At this period, an average of 10 Jewish people every year were exposed to the methods of the Casa: a versatile mix of preaching and instruction, cajolement and threat. A strong majority of those who entered the House of Converts went on to be baptised, so Anna’s story was unusual; and she also stands out because of the intimate account she wrote of her experiences. It was only circulated decades later, during the 1790s, by Anna’s brother, Tranquillo, as part of his campaign to expand Jewish rights in the Papal States. With new freedoms arriving for Jews in post-revolutionary France and America, Tranquillo articulated a legitimate “animus against the absurdity of Roman Jewish life at the end of the 18th century”.

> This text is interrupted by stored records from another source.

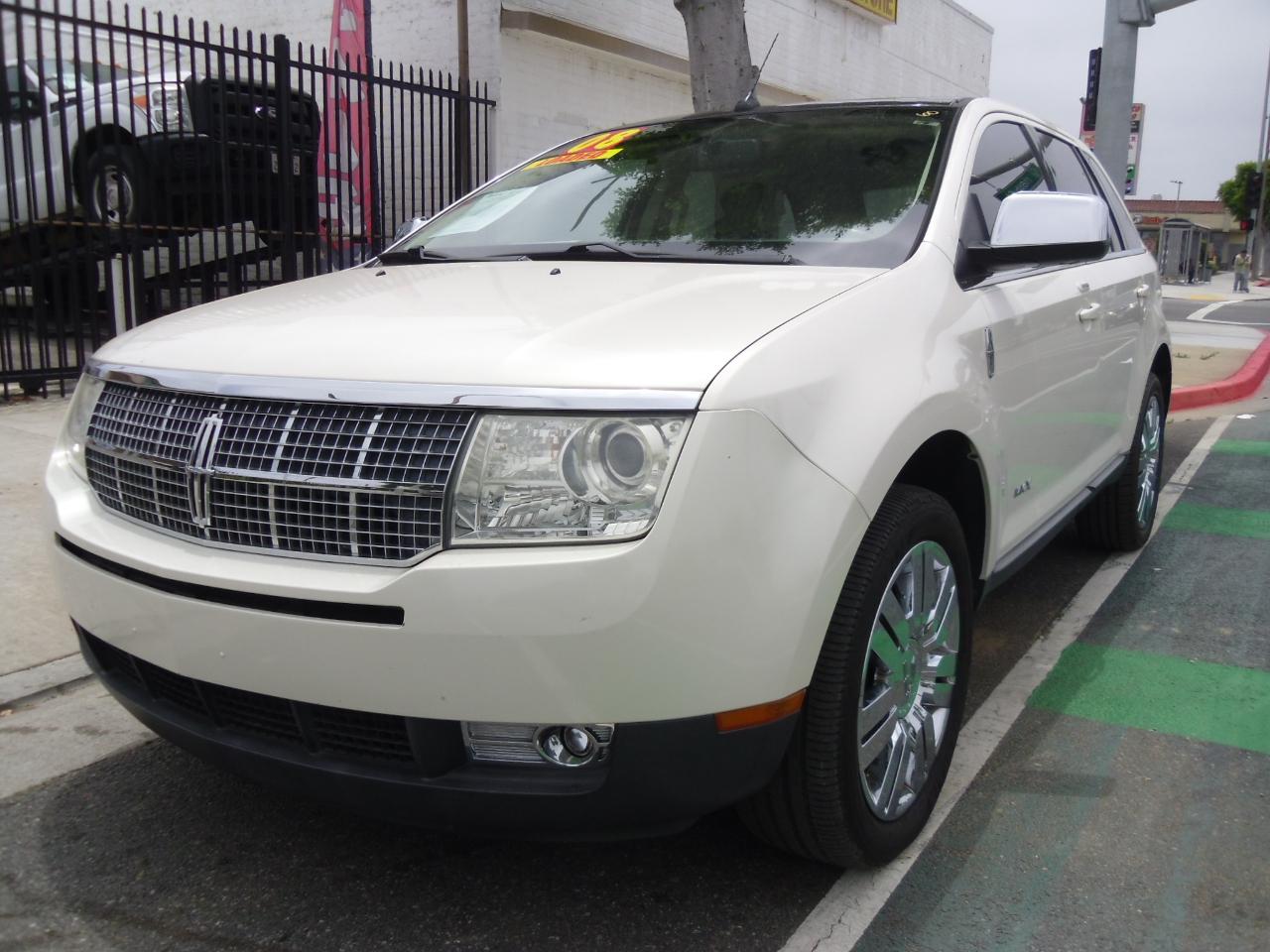 Lincoln MKX FWD 4dr 2008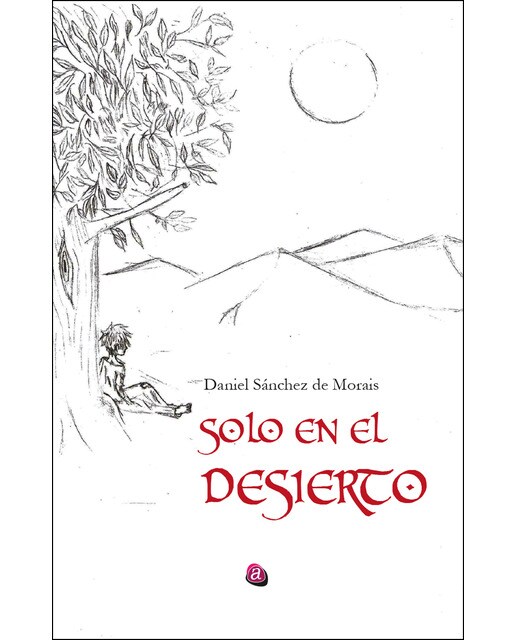 Solo en el desierto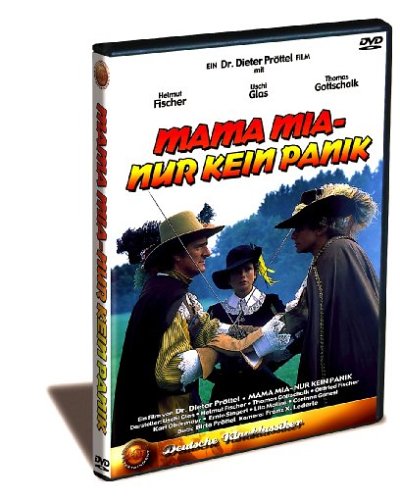 Preisvergleich Produktbild Mama Mia - Nur keine Panik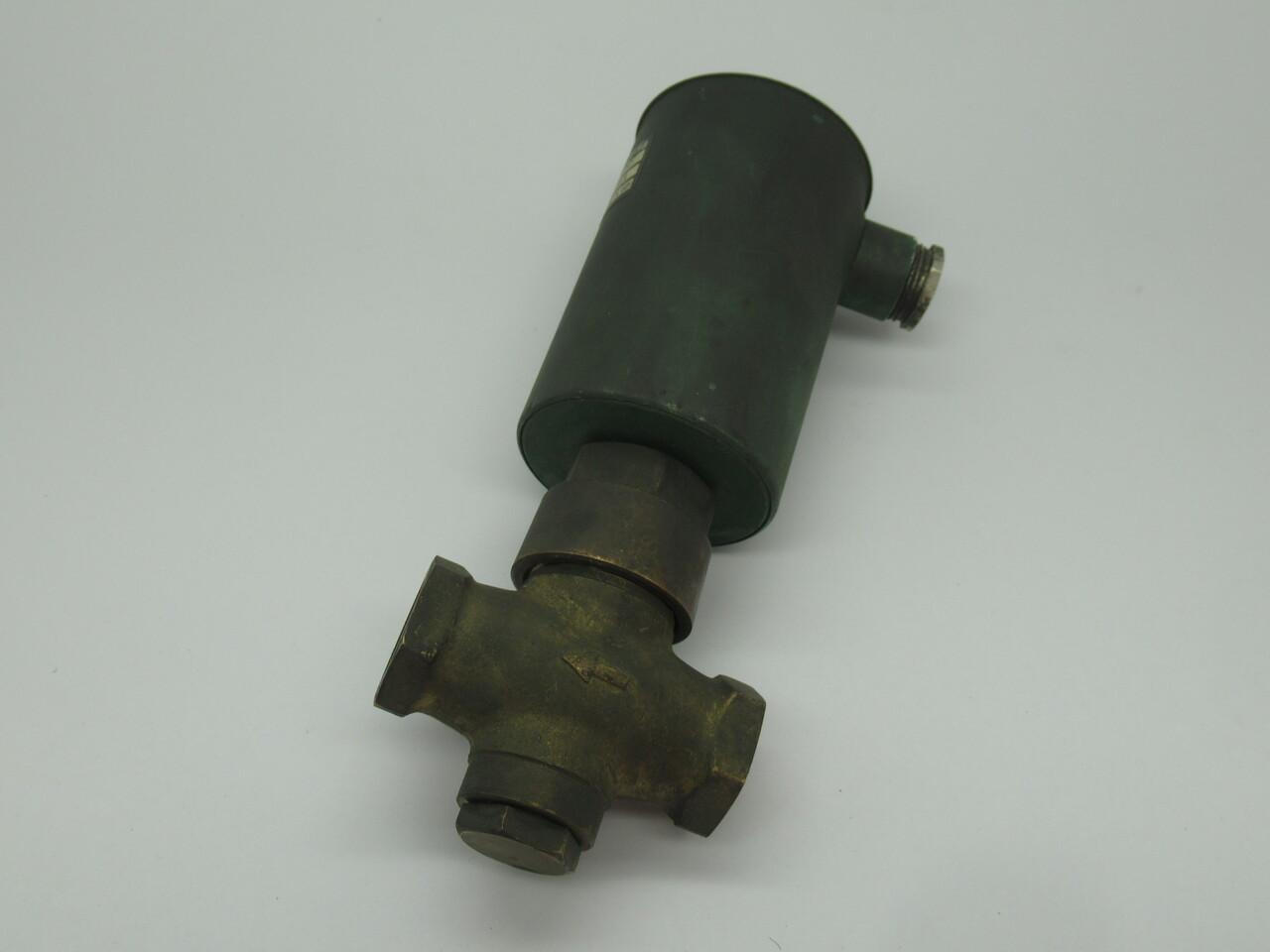 Concordia 100-170-4-11061 Solenoid Valve 110V 60Hz 100% ED SVS 13/1 GE1,5 NOP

Stow regards the diary as a powerful indictment of “the ills of the confessional state at its worst”. Interest in converting Jewish people in Rome had ebbed and flowed over the centuries, but by 1749 it had entered one of its more obsessional phases. For Stow, a papacy buffeted by the storms of intellectual and cultural change and criticism was eager to secure victories.
Stow’s fascinating slice of microhistory is placed into rich and detailed context. We learn a great deal about life in Rome’s Jewish ghetto and the liminal cultural status of the convert. Complex legal debates about Jewish rights are also explored. In the end, though, it is Anna who will live in the memory. Tranquillo wrote of a joyful homecoming and sought to give his version of Anna’s story a happy ending. Stow suggests that Anna was likely to have been “permanently scarred” by her experiences, debilitated by the physical and mental toll, always worrying if the authorities would come calling again. As best as we can tell, they did not.